Des centres de formation comme Génération Football et Djambars au Sénégal, ou leur équivalent camerounais de la Kadji Sport Académie et de l’École de Football des Brasseries Camerounaises ont permis d’engranger des victoires à la CAN, aux JO comme en Coupe du Monde, tout en intégrant une dimension psycho-sociale à leur centre de formation : « Si seulement 10% des jeunes qui entrent pleins d’espoirs ressortent avec un contrat de joueur professionnel, les autres sont parés avec des diplômes et une éducation. L’objectif est bien sûr de former des footballeurs de haut niveau, mais s’ils ne font pas carrière, ils seront armés pour s’en sortir dans la vie. » expliquait l’un des directeurs du Djambars.
Plus que jamais, l’Afrique doit se doter de politiques sportives ambitieuses
Ainsi, des pistes de réponses se dessinent pour faire vivre le sport sur nos territoires. Au Nigéria, en RDC ou en Algérie, les autorités cherchent à renationaliser leurs coaches sportifs dans les sélections nationales et dans les grands clubs locaux. Côté championnat, le CHAN (Championnat d’Afrique des nations de football) voit se confronter tous les deux ans les sélections nationales des joueurs évoluant dans un club de leur pays. De même, la CAN (Coupe d’Afrique des Nations), les Jeux Africains ou les Jeux de la Francophonie sont autant de rencontres qui contribuent à définir la pleine mesure du soft power sportif de l’Afrique.
Mais c’est bien loin d’être suffisant. Pourquoi ne pas encourager à une meilleure valorisation des parcours locaux par la sphère médiatique ou institutionnelle, avec la création de nouveaux prix et événements encourageant les célébrations locales ?
Par ailleurs, le budget alloué aux sports ne représente encore que 0.5% des dépenses des gouvernements africains. Une bagatelle comparée à la moyenne mondiale de 2% - d’autant plus que les budgets nationaux sont plus volumineux en Europe, en Asie ou en Amérique. Si les disciplines maîtresses (football masculin, athlétisme) souffrent gravement de ces manques chroniques, que dire alors de l’ensemble des fédérations féminines, des arts martiaux ou encore de l’e-sport ?
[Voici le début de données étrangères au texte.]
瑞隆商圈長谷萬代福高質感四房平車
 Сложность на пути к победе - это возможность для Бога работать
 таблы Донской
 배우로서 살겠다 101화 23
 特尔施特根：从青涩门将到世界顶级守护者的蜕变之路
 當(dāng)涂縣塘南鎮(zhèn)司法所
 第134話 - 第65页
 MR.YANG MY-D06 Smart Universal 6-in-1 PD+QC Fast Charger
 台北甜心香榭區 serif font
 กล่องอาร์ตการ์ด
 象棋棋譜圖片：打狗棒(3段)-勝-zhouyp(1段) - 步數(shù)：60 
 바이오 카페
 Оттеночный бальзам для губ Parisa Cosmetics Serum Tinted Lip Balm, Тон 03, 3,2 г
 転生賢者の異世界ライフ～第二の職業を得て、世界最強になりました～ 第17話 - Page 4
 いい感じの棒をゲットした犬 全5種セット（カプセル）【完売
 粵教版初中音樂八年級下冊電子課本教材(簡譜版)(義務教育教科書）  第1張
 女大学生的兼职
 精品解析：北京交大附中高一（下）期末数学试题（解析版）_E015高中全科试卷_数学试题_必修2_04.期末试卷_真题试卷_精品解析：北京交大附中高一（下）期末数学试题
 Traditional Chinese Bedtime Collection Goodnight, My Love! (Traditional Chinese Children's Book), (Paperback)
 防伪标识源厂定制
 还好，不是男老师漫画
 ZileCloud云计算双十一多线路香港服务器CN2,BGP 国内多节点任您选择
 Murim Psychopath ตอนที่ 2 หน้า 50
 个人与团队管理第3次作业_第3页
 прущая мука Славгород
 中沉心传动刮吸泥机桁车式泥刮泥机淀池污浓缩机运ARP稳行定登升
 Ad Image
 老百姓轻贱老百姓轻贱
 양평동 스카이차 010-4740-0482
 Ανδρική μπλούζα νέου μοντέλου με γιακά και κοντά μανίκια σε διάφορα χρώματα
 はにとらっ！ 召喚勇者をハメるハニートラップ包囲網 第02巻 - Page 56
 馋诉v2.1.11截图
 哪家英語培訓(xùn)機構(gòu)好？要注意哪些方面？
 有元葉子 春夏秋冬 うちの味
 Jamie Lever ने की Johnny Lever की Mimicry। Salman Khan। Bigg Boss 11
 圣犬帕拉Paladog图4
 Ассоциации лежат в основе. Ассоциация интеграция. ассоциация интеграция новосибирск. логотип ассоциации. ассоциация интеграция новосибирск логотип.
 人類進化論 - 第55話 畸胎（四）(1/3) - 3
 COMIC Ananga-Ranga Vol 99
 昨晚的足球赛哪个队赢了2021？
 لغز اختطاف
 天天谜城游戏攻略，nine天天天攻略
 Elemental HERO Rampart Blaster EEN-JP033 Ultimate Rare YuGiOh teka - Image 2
Constat déplorable car le sport incarne un pan majeur du rayonnement culturel et économique du continent. Il est plus que temps pour nos autorités de passer aux actes. L’Afrique a laissé filer pendant des décennies ses cerveaux, ses bras et ses jambes, et se retrouve aujourd’hui face à son plus grand défi : faire corps avec son histoire.